The TSR has been regularly updated since its inception in 2000, most recently in 2010 to address debt relief services. Last year, the FTC proposed amendments to the TSR to ban telemarketers from using certain payment methods. Comments will be accepted until October 14, 2014. A copy of the Federal Register notice is available here<http://www.ftc.gov/system/files/documents/federal_register_notices/2014/07/140731tsrrulereviewfrn.pdf>.

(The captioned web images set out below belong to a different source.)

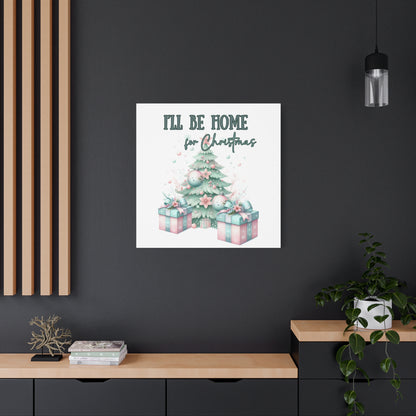 Home for Christmas Decor Indoor Pastel Christmas Tree Art Canvas for Wall Pastel Holiday Decor Printable Wall Art print for bedroom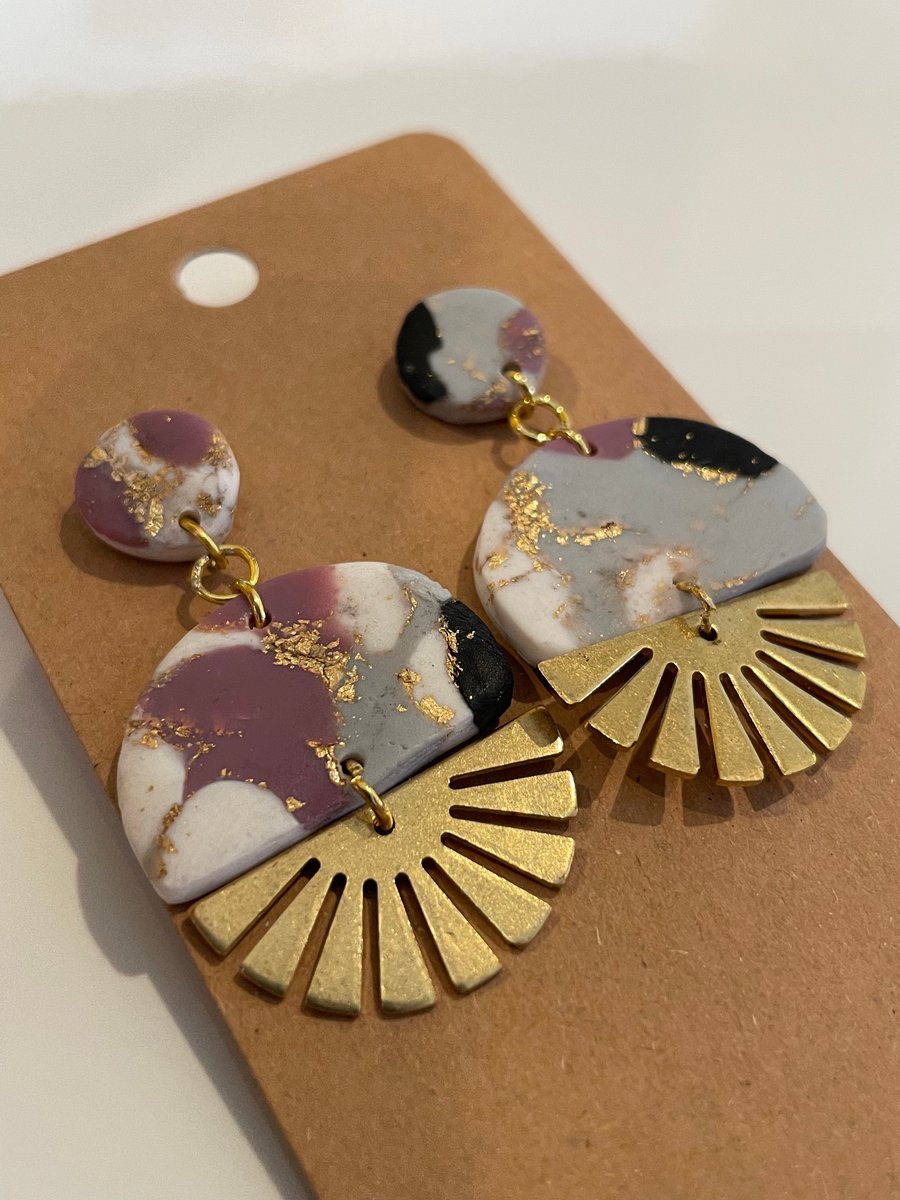 Handmade Polymer Clay Earrings with Gold Metal Charm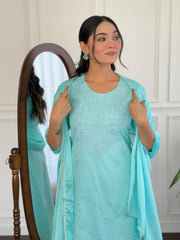 SKY COLOURED WOMEN'S PURE COTTON KURTA WITH PANT DUPATTA SET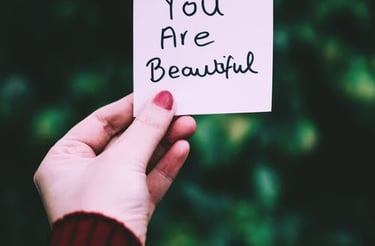 lady hand hold sticky note you are beautiful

In the notice, the FTC lists specific changes in the marketplace and legal landscape since the TSR was last amended, focusing on:
1) the use and sharing of pre-acquired account information in telemarketing, and
2) issues raised by the use of negative-option and free-trial offers in combination with general media ads designed to generate inbound telemarketing calls from consumers.
The notice also includes a comprehensive list of questions regarding the TSR, posed in soliciting public comment, including on such topics as: “abusive acts and practices,” industry background, technology, self-regulatory efforts, and government regulation. Also, the notice seeks suggestions for specific changes to the TSR that will reduce DNC enforcement obstacles encountered when trying to obtain call records from telemarketers.
The TSR gives the FTC, CFPB, and state Attorneys General broad enforcement power over telemarketers and those that provide “substantial assistance” to a seller or telemarketer when that person knows or consciously avoids knowing that the seller or telemarketer is engaged in any act or practice that violates the rule. As a result, the TSR has become a favored enforcement tool of the FTC against those that allegedly facilitate the conduct of others.